Kevin Quinn has recently turned fifty.  His girlfriend thinks she might be pregnant.  Kevin has lived in Ann Arbor all his life and now is an editor (the only editor) for the publications division of the Asian Studies department.  On a whim he has applied for an editing job in Austin and has been invited for an interview.  On a one day there-and-back trip, he flies out of Detroit the day a terrorist attack in Glasgow’s subway fills the terminal’s TV screens.   He meets many people, connects with several, but is still very much alone in his own head as the day goes by.

Sounds like a real nail biter, huh? Well, not exactly. But James Hynes’s new novel “Next” is a book to be reckoned with.  As the story of one day in a man’s life, it asks comparison to Joyce’s mighty “Ulysses” with today’s Austin filling in for Dublin in the early twentieth century.

Quinn walks the hot streets of Austin sweating and clothes array much as Bloom walked Dublin, both consumed by erotic thoughts about the women they see and the one back home, both subconsciously looking for a family and a son. Hynes’s sharp language finds no detail too small to capture, no contemporary reference too commercial, no sex fantasy too pornographic.

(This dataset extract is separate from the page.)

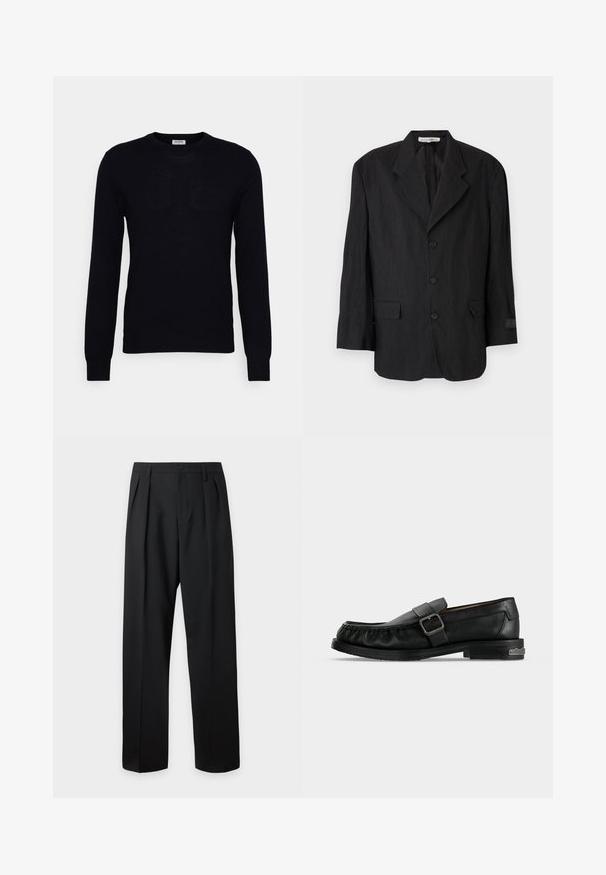 Blazer negro de tela texturizada, con solapa en muesca, seis botones y dos bolsillos. La manga izquierda tiene un detalle de etiqueta.; Suéter negro de manga larga hecho de un suave material de punto. Escote redondo, puños y dobladillo acanalados. Diseño minimalista sin patrones ni botones visibles.; Pantalones negros de talle alto y corte sastre, con presillas para cinturón, pliegues delanteros, cierre de botones y piernas anchas y rectas sobre un fondo claro.; Mocasín negro de cuero con una correa de hebilla, detalles cosidos alrededor de la puntera y un tacón bajo con un detalle metálico.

He can’t pass up a scene in Gaia, an upscale grocery, where he observes a “whole-food jihadist, an überfoodie, a lean boy with biceps and wispy beard, wearing a green Gaia T-shirt and matching ball cap.”  He follows a sharp dressed woman with “a bust like a figurehead and an ass like two dogs fighting in a sack.”  He recalls accompanying a girl in the eighties to a political action meeting:  “Some nuclear freeze, pro-Sandinista, fuck Reagan kind of thing.”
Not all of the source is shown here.